Este planteamiento, que es sostenido con rigor y serenidad, lleva a Varden a la afirmación más osada de su libro y que, con cierto temor, me atrevería a matizar intentando asumir los propios presupuestos del autor: “Lo que Dios tenía en mente no era tanto la redención, sino la recreación. El problema que reclamaba una solución no era el pecado, sino la muerte”. Sin duda, como añade a continuación, “en Dios encarnado, nuestra humanidad misma tenía vida divina”. Ahora bien, llevado al extremo este argumento, podría considerarse que se disuelve la correlación ontológica entre causa y efecto (pecado-muerte) en favor del impacto existencial y fenomenológico de nuestra finitud restaurada en su anhelo originario.

El valor salvífico de la Pasión y Muerte de Jesús quedaría así desdibujado. Estoy de acuerdo en que ya no corresponde entender éstas como la imputación de un castigo terrible y hasta inhumano, sino, como Varden mismo apunta con un sentido genuinamente evangélico en el capítulo dedicado al memorial eucarístico, la expresión del perdón incondicional de Dios a la humanidad que, paradoja inconmensurable, es salvada justo cuando vuelve a rechazarlo. El misterio de la Encarnación y de la Redención son, a fin de cuentas, inseparables.

Dice Varden en verdad que Dios se hizo huésped de los hombres para mostrarles su auténtico rostro. Pero “Vino a su casa, y los suyos no lo recibieron” (Jn 1,11). En el recuerdo de las cicatrices del campesino noruego que tanto le impresionaron en su adolescencia, siguen resonando los mismos gritos, ahora a sabiendas, de hace veinte siglos: “¡Fuera, fuera; crucifícalo! […] No tenemos más rey que al César” (Jn 19,15).

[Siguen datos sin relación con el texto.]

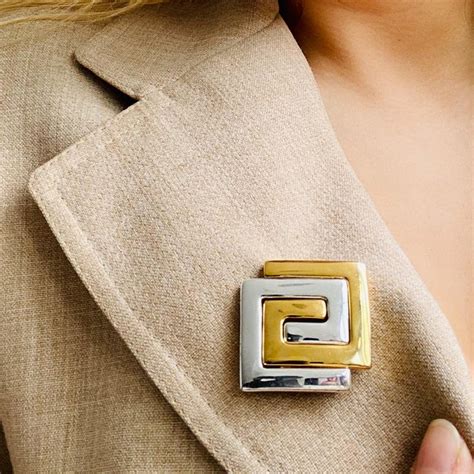 givenchy brooch vintage.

Ahora bien, pese a los dolores crónicos de Maïti Girtanner provocados por las torturas nazis o la prisión de Iulia de Beausobre en un campo de trabajo soviético, como quiere resaltar Varden, el perdón y la compasión transfiguran nuestra existencia con la victoria de Cristo: “Pero a cuanto lo recibieron, les dio poder de ser hijos de Dios, a los que creen en su nombre” (Jn 1,12). O como dice nuestro autor: “Ser digno [de la Eucaristía] es asentir a la realización del ejemplo de Cristo en mi vida -comprometerme con su novedad. El Señor no busca la perfección instantánea. Pero requiere coherencia en el modo de vida”.

La Redención -la Reconciliación- culmina y completa, así, la Recreación. “Y bendijo Dios el día séptimo y lo consagró, porque en él descansó de toda la obra que Dios había hecho cuando creó” (Gn 2,3). La explosión de la soledad nos acompaña, con alegría interior y con tacto genuino, en esa jornada.